Grow crops using xyzpy-gen-cropping.

positional arguments:
  crop_name             The name of the crop to grow.

options:
  -h, --help            show this help message and exit
  --parent-dir PARENT_DIR
                        The parent directory of the crop.
  --batch-ids BATCH_IDS
                        Comma separated list of which batches to grow, by
                        default all missing results.
  --raise-errors [RAISE_ERRORS]
                        Raise batch errors.
  --num-threads NUM_THREADS
                        The number of threads per worker (OMP_NUM_THREADS
                        etc.)
  --num-workers NUM_WORKERS
                        The number of worker processes to use.
  --subprocess [SUBPROCESS]
                        Run each batch in its own fresh subprocess. This is
                        most robust in terms of memory, at the cost of the
                        process startup overhead. Optional value: true/false.
  --log [LOG]           Save subprocess stdout and stderr to log files in the
                        crop directory under logs/batch-{batch_id}.log. Only
                        used when --subprocess is enabled.
  --gpus GPUS           If subprocess is enabled, this is an optional comma
                        separated list of GPU device IDs to assign to
                        subprocesses via CUDA_VISIBLE_DEVICES. Each subprocess
                        gets a single GPU from this pool; the pool also limits
                        concurrency. You can oversubscribe GPUs by repeating
                        device IDs, e.g. `0,0,1,1` to allow 2 subprocesses to
                        share each GPU.
  --affinities AFFINITIES
                        If subprocess is enabled, this is an optional comma
                        separated list of affinities to use, one for each
                        process. This ensures a single cpu core is used for
                        each batch, regardless of other environment variables.
  --ray                 Use a ray executor, either connecting to an existing
                        cluster, or starting a new one with num_workers
  --gpus-per-task GPUS_PER_TASK
                        The number of gpus to request per task, if using a ray
                        executor. The overall GPUs available is set by
                        CUDA_VISIBLE_DEVICES, which ray follows.
  --verbosity VERBOSITY
                        The verbosity level.
  --verbosity-grow VERBOSITY_GROW
                        The verbosity level.
  • In another python process, navigate to the same directory and run for example python -c "import xyzpy; c = xyzpy.Crop(name=...); xyzpy.grow(i, crop=c)" to grow the ith batch of crop with specified name. See grow() for other options. This could manually be put in a script to run on a batch system.

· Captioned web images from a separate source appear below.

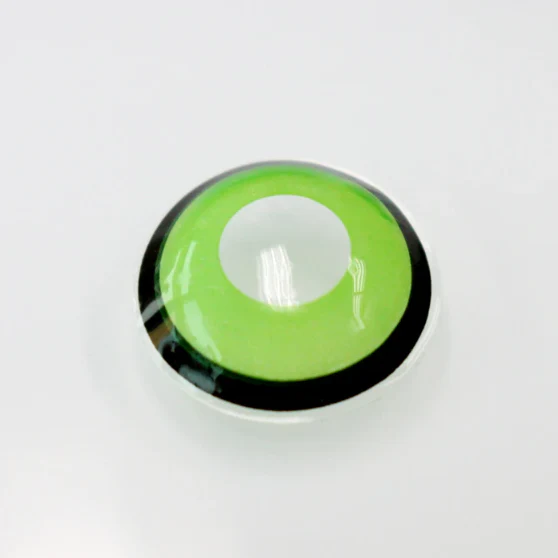 Cosplay Green Manson Colored Contact Lenses - Image 3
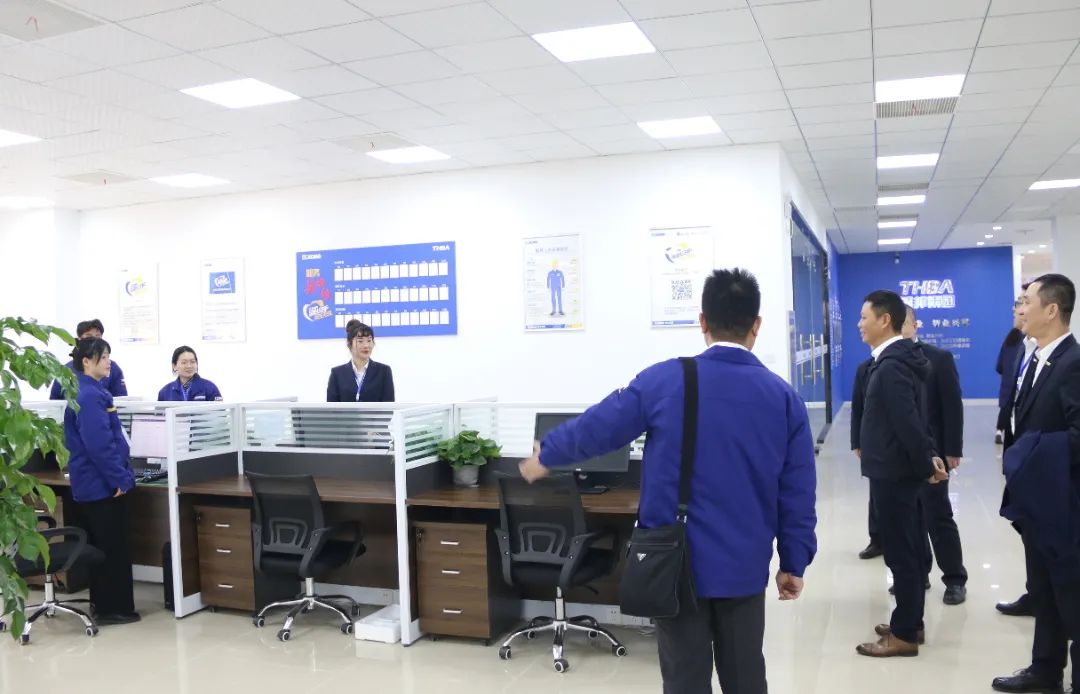 集團(tuán)總裁視察湖北智邦：未來(lái)可期，湖北有為！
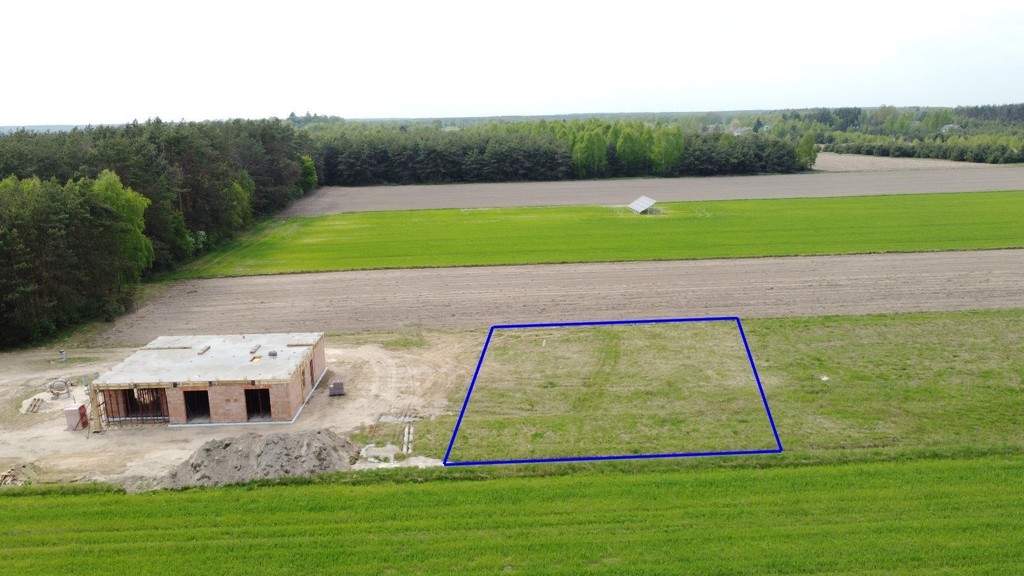 Działka – Nowy Sławacinek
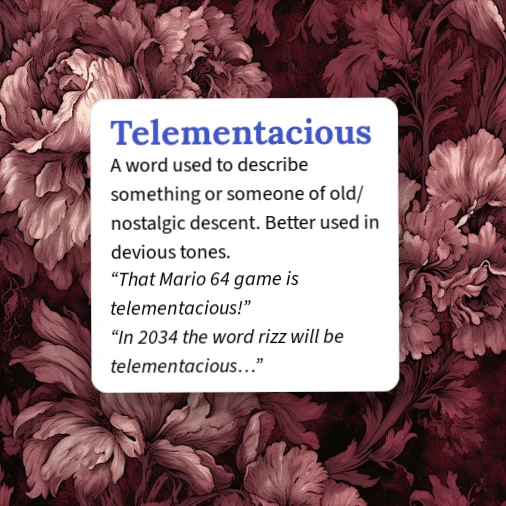 Devious Example Urban Dictionary: Telementacious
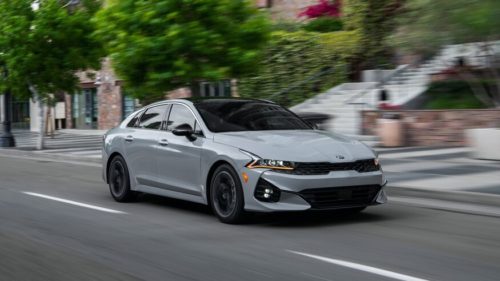 2022 Kia K5 Launched With New Badging, GT-Line AWD Premium Pack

  • Use Crop.grow_cluster - experimental! This automatically generates and submits a script using SGE, PBS or SLURM. See its options and Crop.gen_cluster_script for the template scripts.

  • Use xyzpy.Crop.grow() or xyzpy.Crop.grow_missing() to complete some or all of the batches in the local process. This can be useful to A. finish up a few missing/errored runs B. run all the combos with persistent progress, so that one can restart the runs at a completely different time/ with updated functions etc.

  1. Watch the progress. Crop.__str__ will show how many batches have been completed of the total sown.

  2. ‘Reap’. Once all the batches have completed, run xyzpy.Crop.reap() to collect the results and remove the batches’ temporary directory. If the crop originated from a Runner or Harvester, the data will be labelled, merged and saved accordingly.

Note

You can reap an unfinished Crop as long as there is at least one result by passing the allow_incomplete=True option to reap(). Note that missing results will be represented by numpy.nan which might effect the eventual dtype of harvested results. To avoid this, consider also setting sync=False to avoid writing anything to disk until the full Crop is finished.

See the full demonstrations in Examples.